┌────────
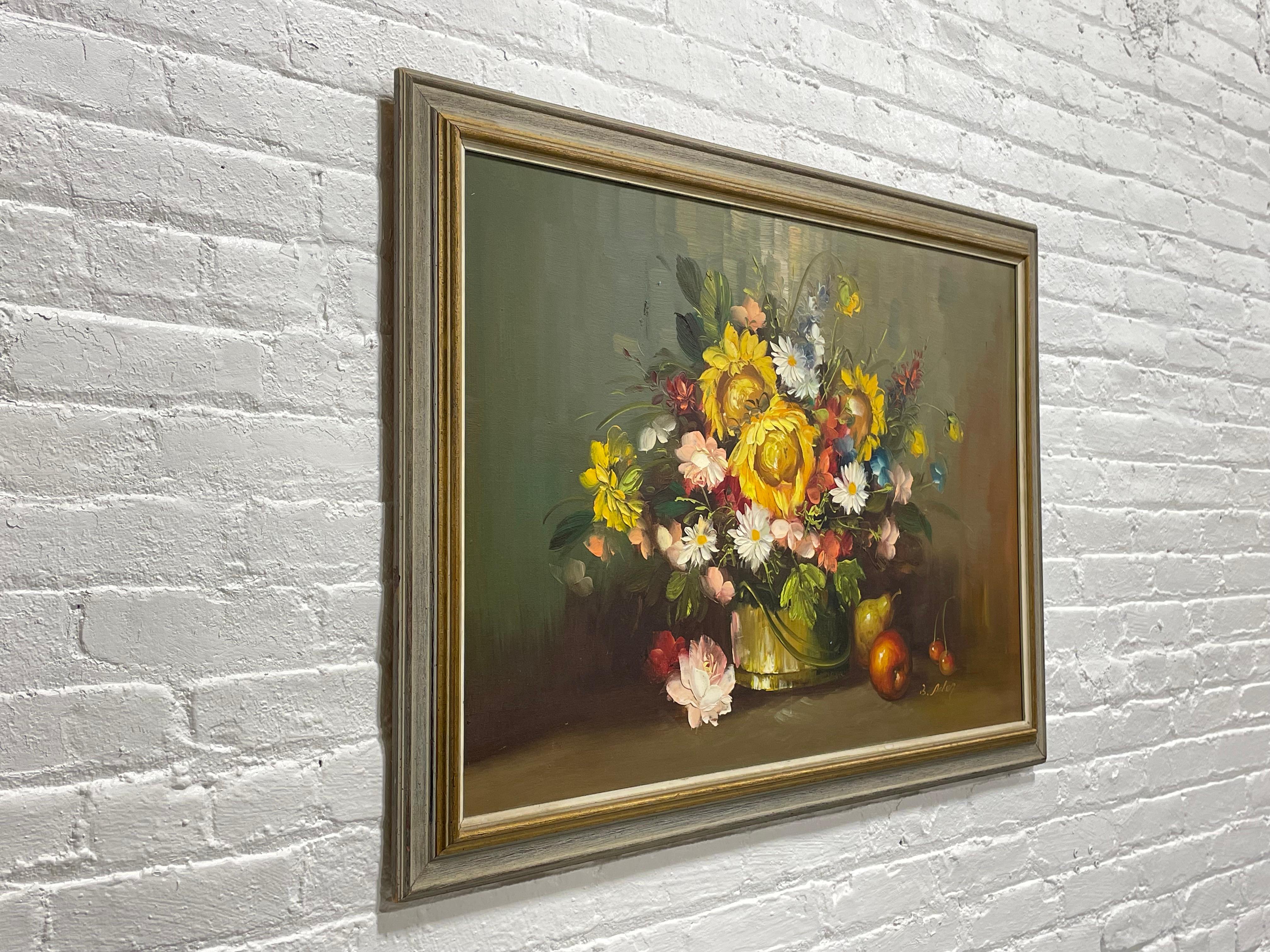 Original Oil Painting Still Life Bright Floral, c. 1960s In Good Condition For Sale In Weehawken, NJ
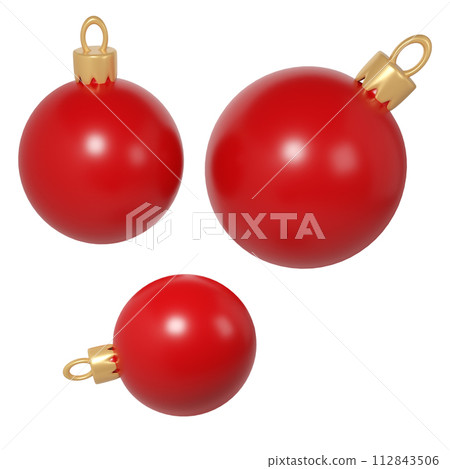 3d rendering three red Christmas balls icon. Realistic spheres for winter holidays. Toy for fir tree. Illustration for web design, greeting card, invitation 3d rendering three red Christmas balls icon. Realistic spheres for winter holidays. Toy for fir tree. Illustration for web design, greeting card, invitation 112843506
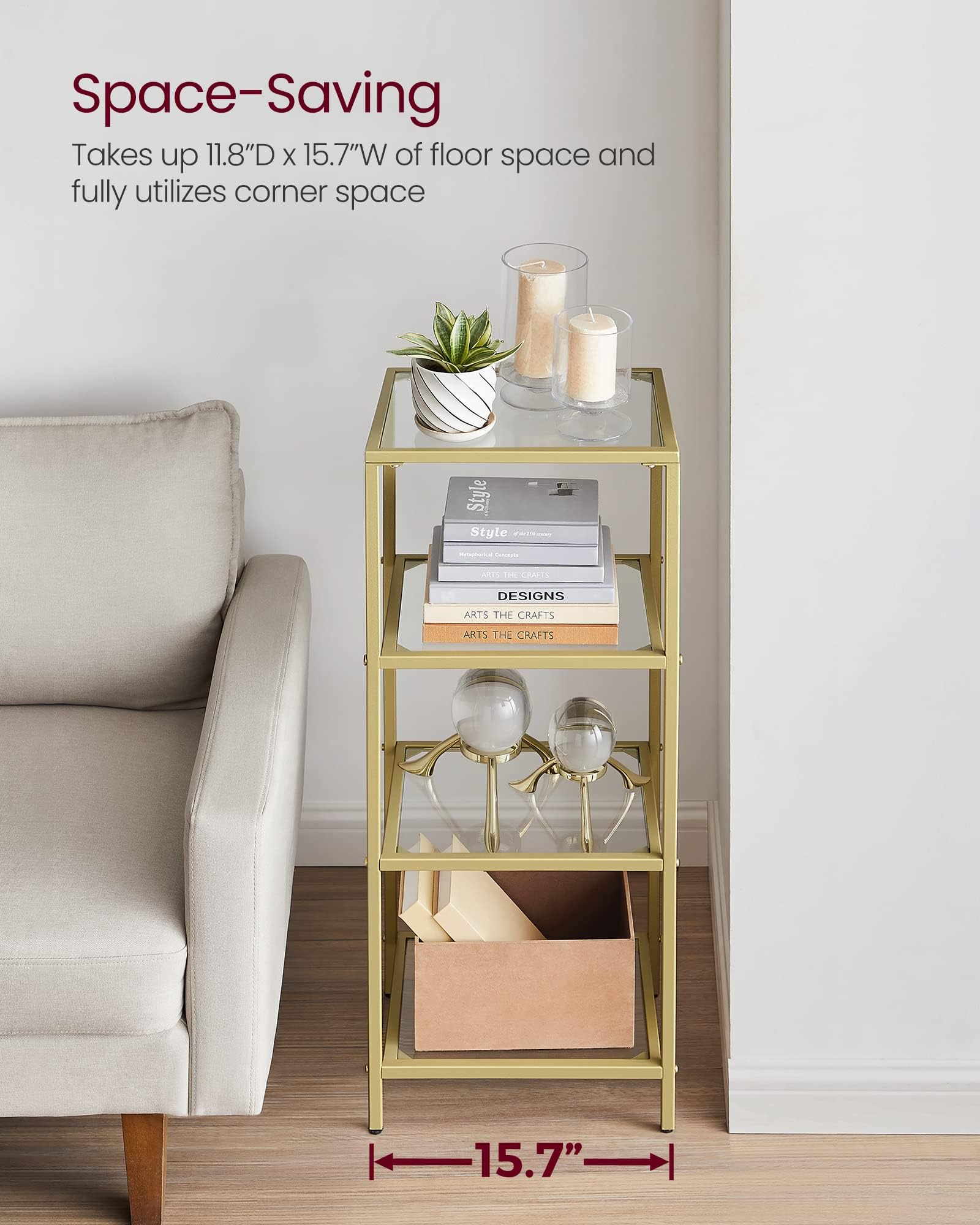 VASAGLE Bookcase, 4-Tier Bookshelf, Slim Shelving Unit for Bedroom, Bathroom, Home Office, Tempered Glass, Steel Frame, Metallic Gold ULGT28G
└────────
Task item
Could you reproduce the listing above word for word while leaving out its pictures?

Result of the exercise
 Original Oil Painting Still Life Bright Floral, c. 1960s In Good Condition For Sale In Weehawken, NJ
 3d rendering three red Christmas balls icon. Realistic spheres for winter holidays. Toy for fir tree. Illustration for web design, greeting card, invitation 3d rendering three red Christmas balls icon. Realistic spheres for winter holidays. Toy for fir tree. Illustration for web design, greeting card, invitation 112843506
 VASAGLE Bookcase, 4-Tier Bookshelf, Slim Shelving Unit for Bedroom, Bathroom, Home Office, Tempered Glass, Steel Frame, Metallic Gold ULGT28G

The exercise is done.